Joint PhD Seminar: Kate Symons and Christopher Schulz
Thu 16 Apr 2015, 16:30 - 17:40
Old Library Drummond Street

If you have a question about this talk, please contact: Claire MacDonnell (clairema)

Please note the later than usual start and the seminar will be followed by wine and nibbles (from about 5:40pm)

Kate Symons: This paper considers the articulation between Mozambique’s ‘green economy’ discourse and its growing extractives boom. It uses the case of a proposed deep water port and associated infrastructure within the Ponta do Ouro Partial Marine Reserve (PPMR) to argue for a more foregrounded view of state-led post-colonial development in Mozambique. It argues that this state-led development paradigm demonstrates an explicitly exploitative view of nature which is, in some ways, distinct from green neoliberalism. It outlines the characteristics of the state-centric model in Mozambique as: Centred on the production of an extractive state which encourages natural resource exploitation (especially coal and gas, but also tourism); displaying an exploitative view of nature along with an emphasis on large infrastructure construction to serve both fossil fuel extraction and export, and also tourism; and which centralises state power in some areas (notably extraction). The extractive state is both enabled by, and is in tension with green development. The state-centric model articulates with the green economy where it can offer a fix for the ecological and social contradictions of extraction, but also is a distinct discourse, resulting in a complex and hybrid picture. The paper calls for a refocus on ‘post-socialist’ state-led development visions, and how they interact with green economy discourses in developing contexts.
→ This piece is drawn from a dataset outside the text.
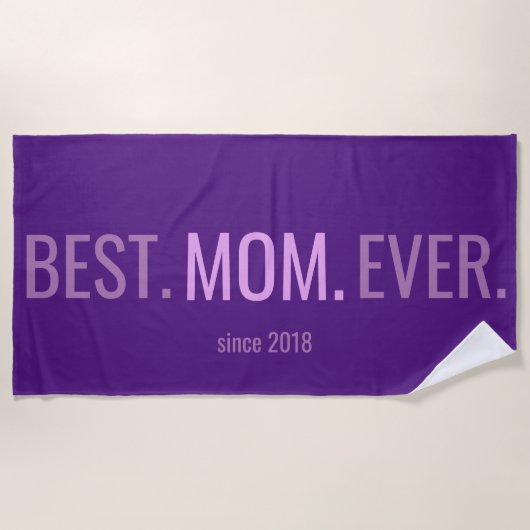 Beste mam ooit Moederdag met jaarlijkse handdoek (Voorkant)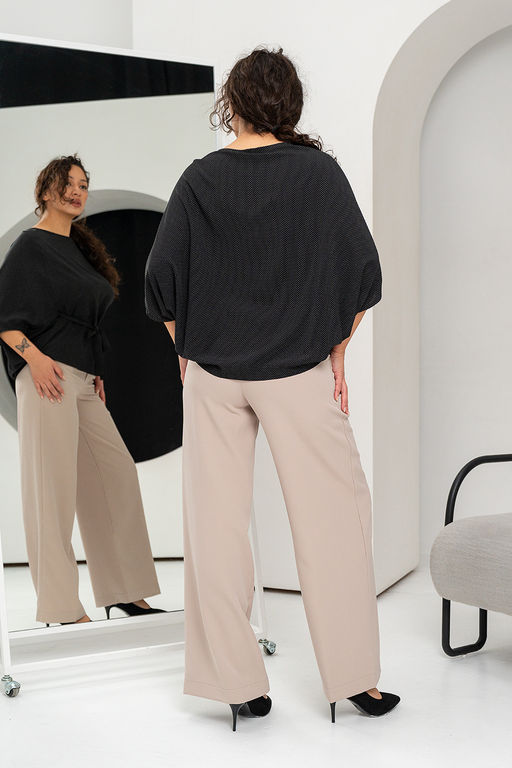 Блузка ТБ-113 черный горох - Angelika фото 9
Christopher Schulz: The Cuiabá River Basin is located in the Brazilian State of Mato Grosso, in the geographical centre of South America. This area is experiencing not only a rapid expansion and modernization of its agricultural sector, but is also host to the Pantanal, the world’s largest continental freshwater wetland and a unique ecosystem with great importance for biodiversity conservation. My PhD research aims at exploring the different values that stakeholders from different parts of society, such as farmers, government agencies, fishermen, and researchers, attach to water resources in the area. Up to now, it is based on qualitative interviews to key stakeholders, conducted between October and December 2014, as well as participant observation at water-related events. While monetary valuation techniques are continuously developed and applied in natural resource management, calls to take alternative and non-monetary dimensions of value into account have never been silenced. Prominent examples are Martinez-Alier’s “languages of valuation” (2002) or O’Neill et al.’s (2008) discussion of the philosophical bases of environmental values, which demonstrate that there is a set of diverging basic values which may not be converted into each other, e.g. by using monetary figures as a measurement tool. My PhD research uses a wide conception of value as a theoretical basis, drawing on material from human geography, ecological economics, environmental philosophy, as well as social and environmental psychology. It aims at understanding how both values assigned to water resources, as well as values as guiding principles are distributed among different stakeholder groups. Moreover, it introduces concrete water governance issues in the Cuiabá River Basin and shows how these are shaped by the interplay of different types of values and political power.